山の中の放牧地でも新しい放牧地でも、山中に餌が不足しているのか、ひん太のすぐ傍までイノシシはやってきました。
最初の放牧地では、その強大な力とイメージに恐れをなし、ひどく心配になり、対馬の保存会などに対策情報を求めました。
その時、「ラジオをかけっぱなしにすると効果がある」と聞いたので、夜中など放牧地を離れる時には防水ラジオを馬が触らない場所に置いておきました。
近くの畑所有者は鉄製の檻を仕掛け、猟友会も動き回っていると言っていました。しかし、結局何もおきませんでした。

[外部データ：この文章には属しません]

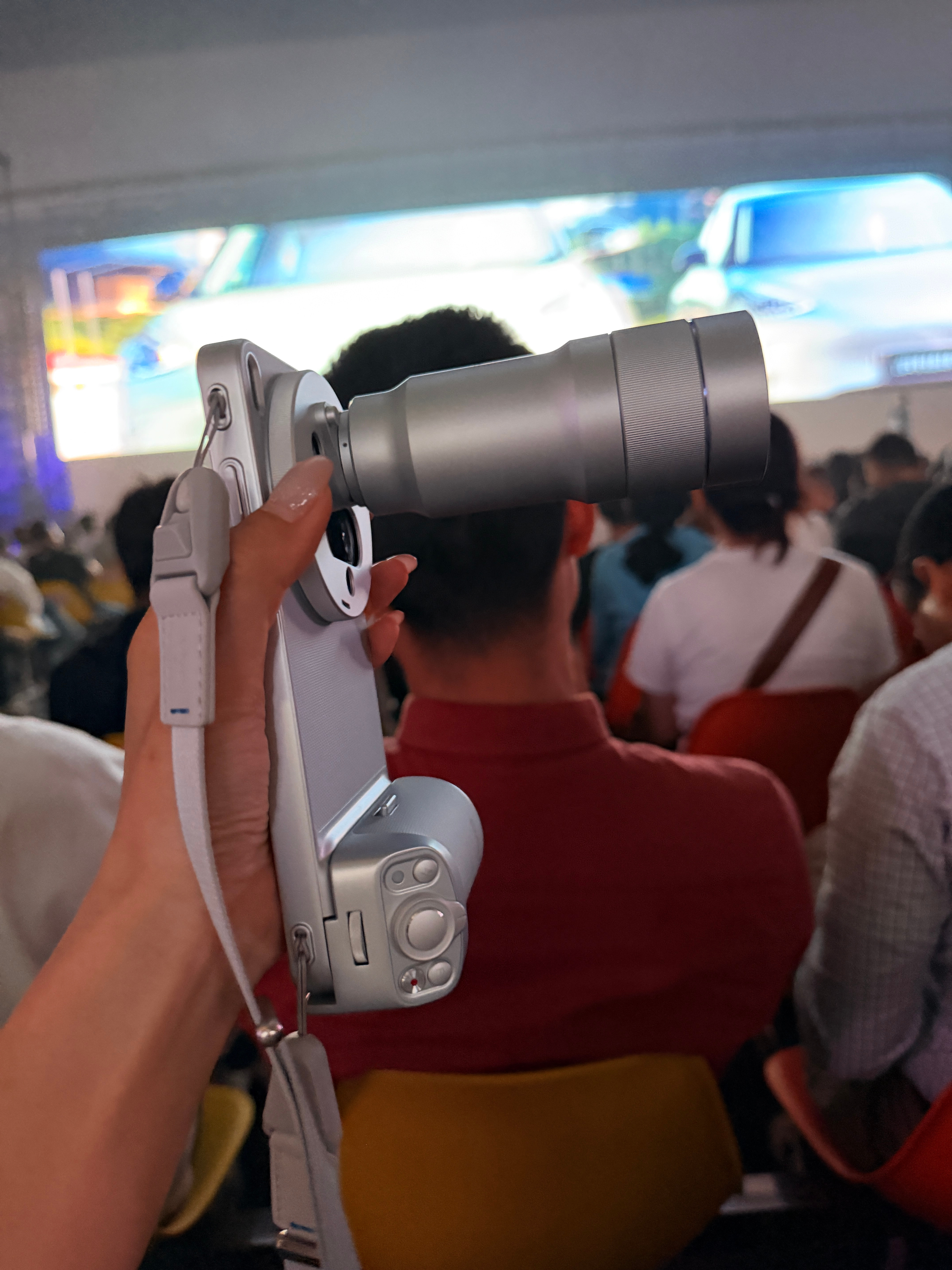 这次带了一台vivo X300 Ultra来拍容祖儿给大家多拍点高清图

新しい放牧地はかなり民家の傍なのですが、ここにもイノシシはやってきました。親一頭の時は、私の姿を見ると逃げるのですが、ある時子どものウリ坊を連れた母イノシシが姿を見せるようになりました。
母イノシシは、やはり子どもを守ろうとするのか、逃げません。
しかし、イノシシは馬に何もしないし、馬とイノシシでは共通する食料もないので、放っておきました。

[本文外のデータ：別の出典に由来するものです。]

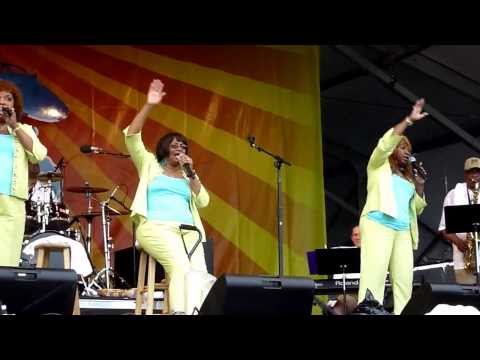 The Dixie Cups - Going To The Chapel - Live At 2010 New Orleans Jazzfest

ある時、ひん太を曳いて外にいる時にこの親子に出くわしました。ウリ坊はさっさと藪の中に逃げたのですが、母イノシシはこちらをずっと見たまま動きません。
さすがに自分より大きな馬が近づいてきたら逃げるかと思い、ひん太を曳いて少し母イノシシの方に歩いたのですが、母イノシシはまったく動じることなく動きませんでした。
直観的に「これ以上進めると、ウリ坊を守るために突っ込んでくるな!」と予感し、引き返すことにしました。
結局、このニアミスもまったく問題ありまんでした。
イノシシだって馬と同じ生物ですから、何もしないのにやたら攻撃してくることはないと私は確信しています。
我が子を守ろうとするのは、それこそイノシシも馬も、そして人間も同じでしょう。
ただ私はミミズなどを掘っている時に間違って柵内に入ってしまうと、馬が興奮して怪我する可能性も完全に否定できないので、柵に動物除けのスチールネットを巡らせていました。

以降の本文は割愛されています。